In his Assayer of 1623, Galileo explained his notion of the difference between those qualities, mostly found by touch, that are inherent in bodies (weight, roughness, smoothness, etc.) and those that are in the mind of the observer (taste, color, etc.)--in other words, the difference between what we call primary and secondary qualities. In this discussion he referred to bodies that "continually dissolve into minute particles" and stated his opinion that "for exciting in us tastes, odors, and sounds there are required in external bodies anything but sizes, shapes, numbers, and slow or fast movements." An anonymous cleric filed a report with the Inquisition in which he claimed the first citation to show that Galileo was an atomist and the second to be in conflict with the Council of Trent's pronunciations on the Eucharist. The report did not lead to any action against Galileo.

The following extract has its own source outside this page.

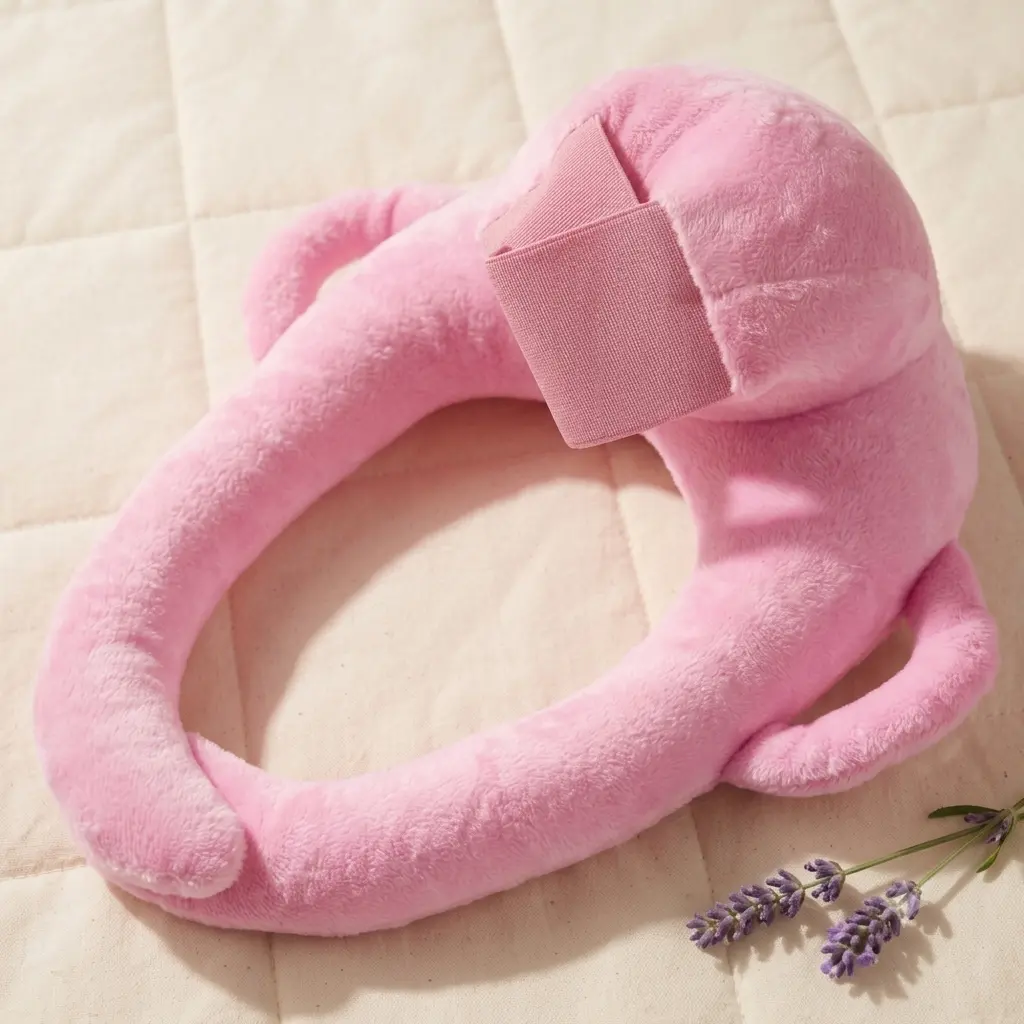 The ergonomic U-shaped nursing pillow - a soft flannel washable travel support cushion with easy-grip handles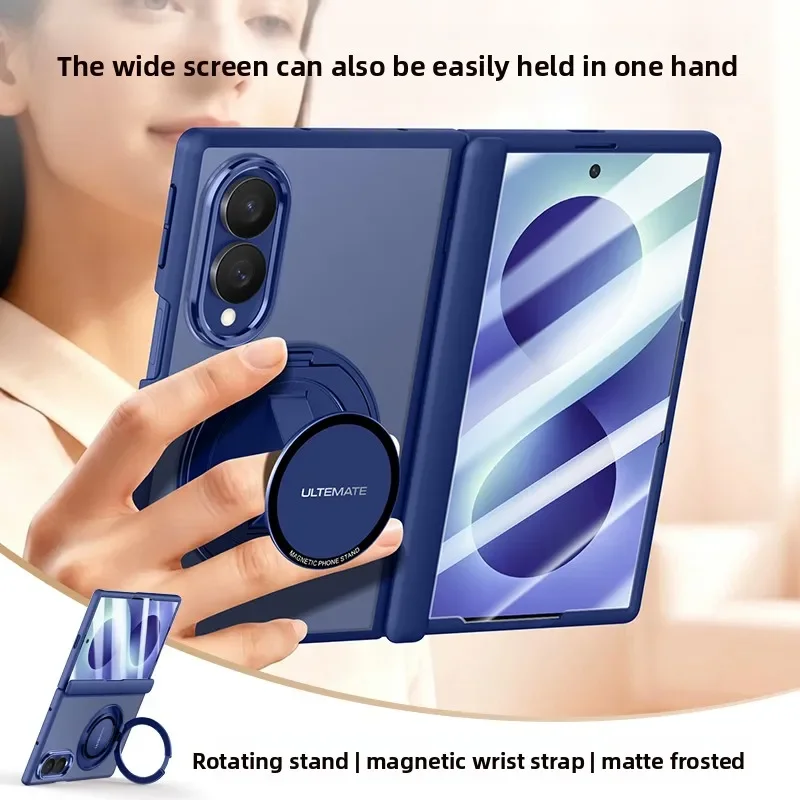Magnetic Skin-Fee Stand Shell-Film Integrated Shockproof Case for Samsung Z Fold 8 with Magsafe Hinge Protection Cover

Galileo's notions about the constitution of matter emerge in his Discourses on Two New Sciences of 1638. In his discussion of cohesion--what holds matter together--he puts forward the notion that objects are made up of an infinite number of infinitely small particles held together by an infinite number of small vacua. He did not go beyond this point, but it is clear that this "atomism" is almost exclusively mathematical.
Sources: For a synoptic discussion of the doctrines of Leucippus and Democritus, as well as for Aristotle's criticism of them, see G. E. R. Lloyd, Early Greek science: Thales to Aristotle (London: Chatto & Windus; New York, W. W. Norton, 1970). For the surviving writings of Epicurus, see Epicurus, the Extant Remains, tr. Cyril Bailey (Hildesheim, New York: G. Olms, 1970). Lucretius, De Rerum Natura is available in many good translations; Lucretius on the nature of the universe, tr. R. E. Latham (Harmondsworth: Penguin Books, 1951) is the most popular version. For an overview of the development of atomism in early modern Europe, see Robert H. Kargon, Atomism in England from Harriot to Newton (Oxford: Clarendon Press, 1966). For Galileo and atomism, see Pietro Redondi, Galileo Heretic, tr. Raymond Rosenthal (Princeton: Princeton University Press, 1987). For Galileo's discussion of vacua and particles, see Two New Sciences, tr. Stillman Drake (Madison: University of Wisconsin Press, 1974), pp. 19-34. For the passage on atoms in Galileo's Assayer, see Stillman Drake and C.D. O'Malley, The Controversey over the Comets of 1618 (Philadelphia: University of Pennsylvania Press,1960), pp. 310-311.